NEWS
Elastisys, a spin-off company from Umeå University, is one of the participants in an international project with novel fog computing technologies. One of the applications is smart water management.
Text: Mikael Hansson
The team at Elastisys.
ImageElastisys
FogGuru is a “European Industrial Doctorate” project which aims to train the next generation of European Fog computing experts. It has received funding from the European Union’s Horizon 2020 research and innovation program.
The FogGuru Living Lab aims to bring innovative Fog Computing technologies developed by the project’s early-stage researchers out of the lab and to apply them to a real use-case with technological as well as societal impact.
The project involves eight early-stage researchers, coordinated by a consortium composed by two prestigious universities (University of Rennes 1 and the Technical University of Berlin), a leading education organisation (EIT Digital Rennes) the innovation center of the municipality of València (Las Naves) and two deep-tech SMEs, U-Hopper in Trento and the Umeå based Elastisys.
Elastisys from Umeå, Sweden, is one of the partners in the project. It is a spin-off company from the successful cloud resource management research at Umeå University. Elastisys provides products and services for scalable and responsive IT systems, with an emphasis on auto-scaling with multi-cloud capabilities. Elastisys products and services extend on decades of internationally leading research in distributed systems, high performance computing, and autonomous management of virtualized resources.
On the project web page the results are described:
The FogGuru European project aims to develop innovative Fog computing technologies and to train the next generation of European Fog computing experts. This constitutes an excellent opportunity to create a “Living Lab” with the partner Las Naves in València where Fog computing technologies is tried in real settings, and demonstrate their usefulness to address real-world problems.
Fog computing extends cloud computing deployments with additional compute, storage and networking resources located in the proximity of users and IoT devices.

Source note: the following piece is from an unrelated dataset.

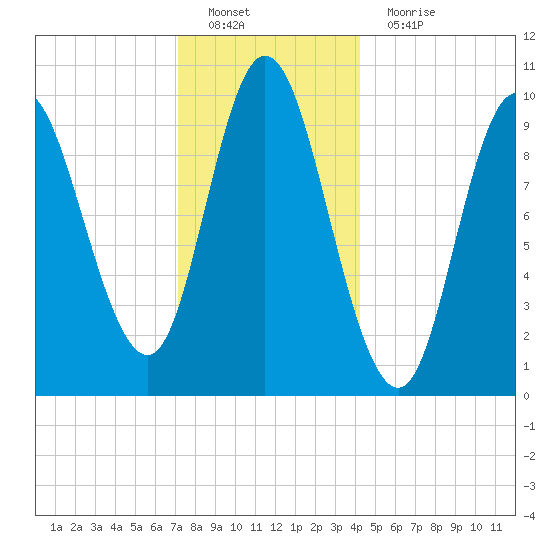 Bucksport tide chart for Sunday, January 8, 2023
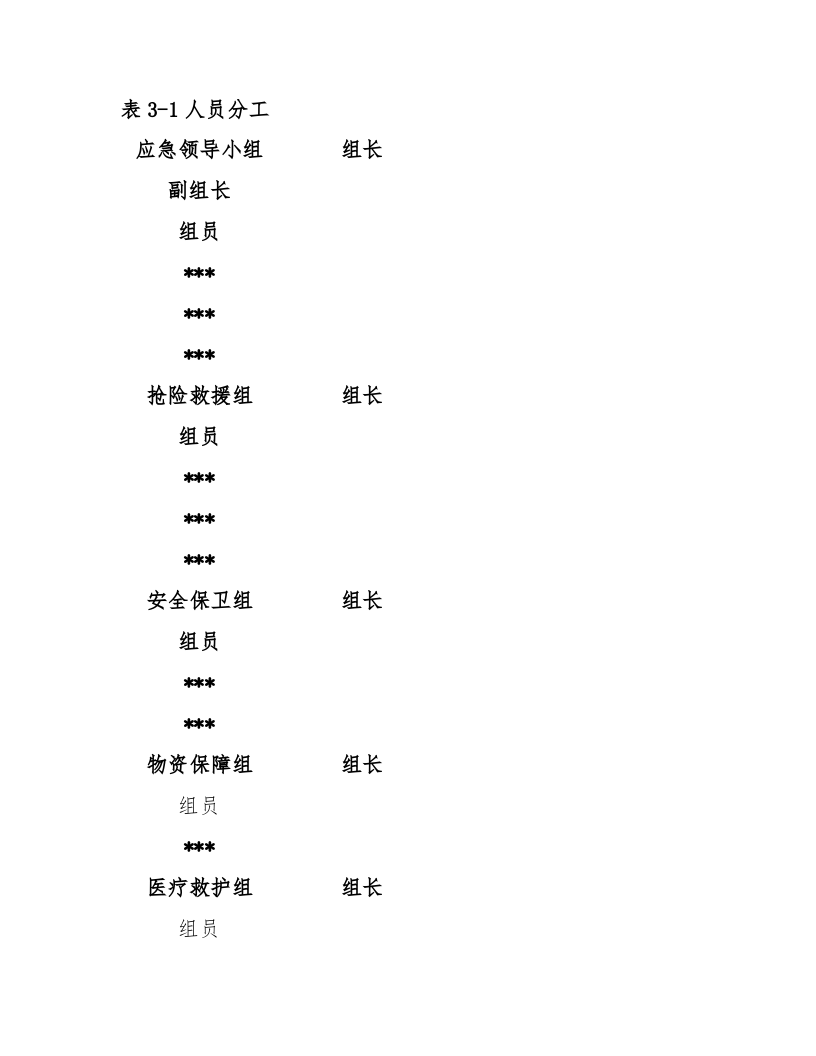【桌面推演】森林火灾事故桌面推演方案（18页）.docx 第3页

Processing incoming data very close to their source allows one to reduce the pressure on the backhaul networking infrastructure, and may even allow disconnected operation in case of a failure of the device-to-cloud connection. In the specific case of water management, Fog computing technologies are expected to bring faster detection of abnormal water consumption patterns, independence from the smart water meter manufacturers, and improved resilience and flexibility of the overall smart metering platform.